◆ **The data**:
__________
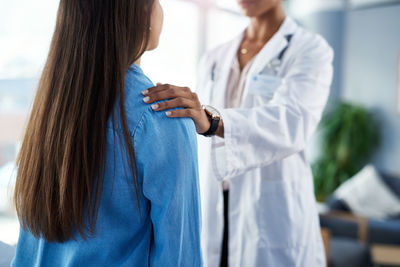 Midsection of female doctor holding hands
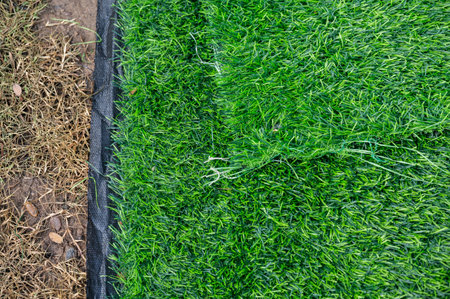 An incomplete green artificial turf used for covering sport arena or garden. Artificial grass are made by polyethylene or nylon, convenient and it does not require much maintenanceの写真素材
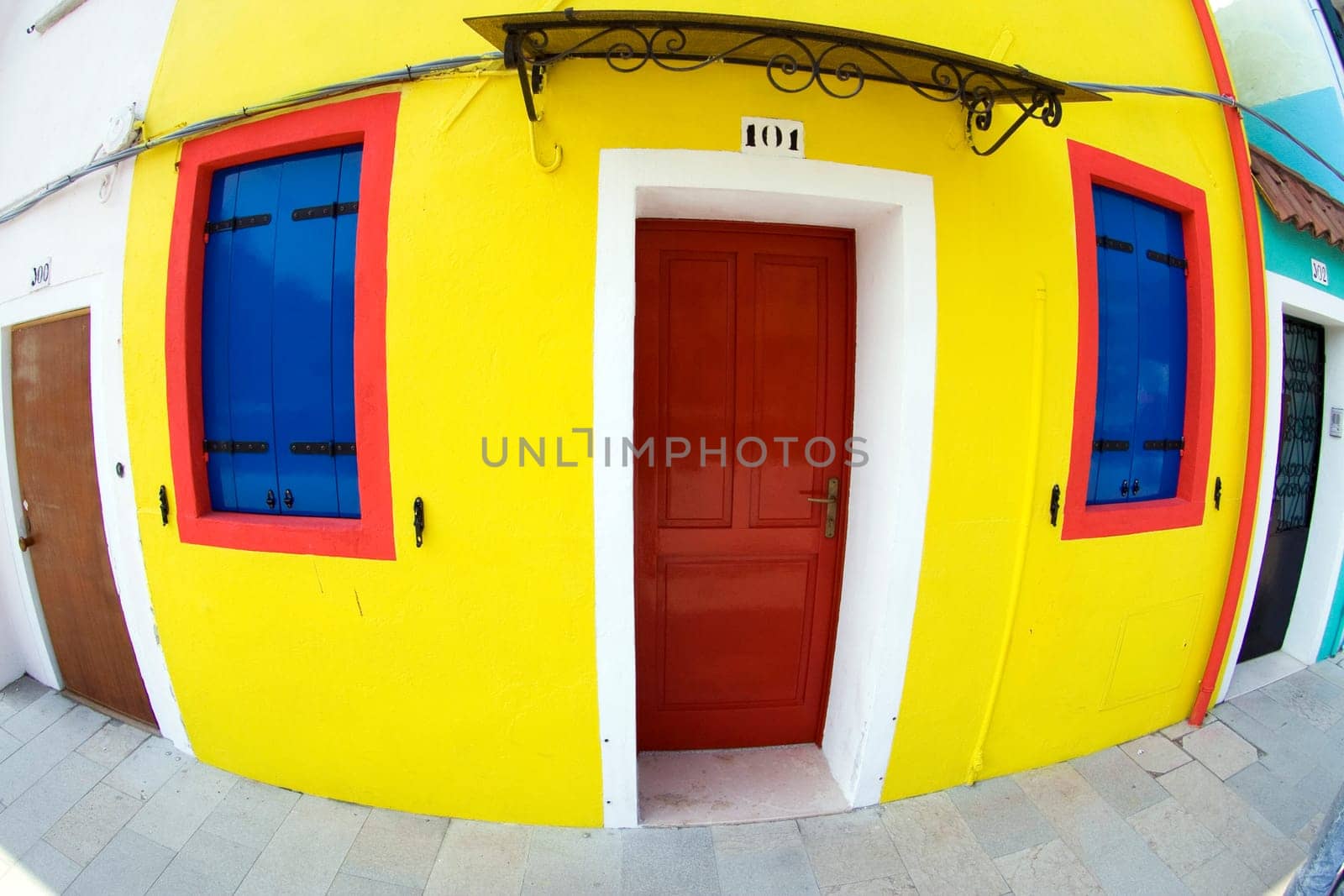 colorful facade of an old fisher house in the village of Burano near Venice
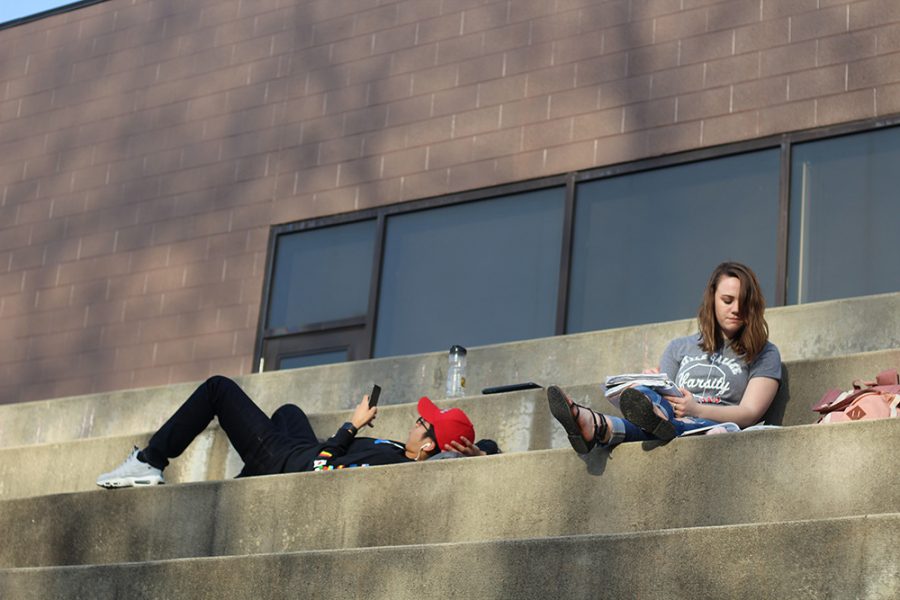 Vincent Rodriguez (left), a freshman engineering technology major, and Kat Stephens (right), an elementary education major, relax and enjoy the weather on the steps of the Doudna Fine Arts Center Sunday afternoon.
__________
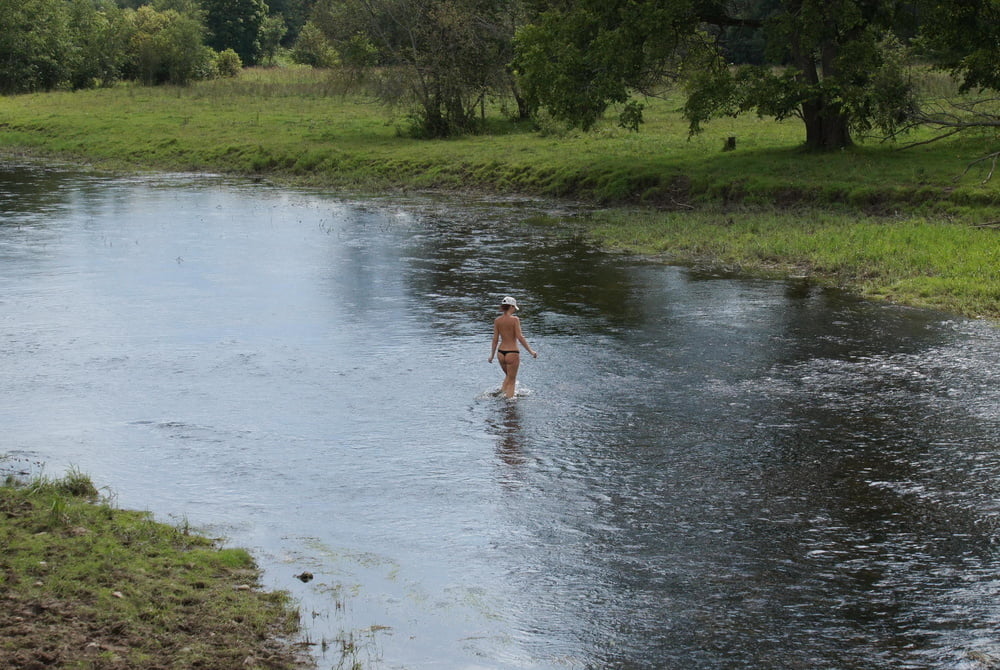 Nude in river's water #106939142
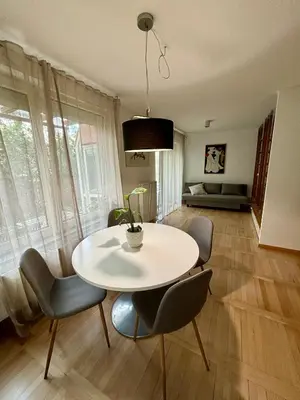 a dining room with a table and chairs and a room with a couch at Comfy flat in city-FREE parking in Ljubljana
__________
Reproduce the listing above from the line that holds "Midsection of female doctor holding hands" through the line that holds "Vincent Rodriguez (left), a", both included, with the pictures left out.

 Midsection of female doctor holding hands
 An incomplete green artificial turf used for covering sport arena or garden. Artificial grass are made by polyethylene or nylon, convenient and it does not require much maintenanceの写真素材
 colorful facade of an old fisher house in the village of Burano near Venice
 Vincent Rodriguez (left), a freshman engineering technology major, and Kat Stephens (right), an elementary education major, relax and enjoy the weather on the steps of the Doudna Fine Arts Center Sunday afternoon.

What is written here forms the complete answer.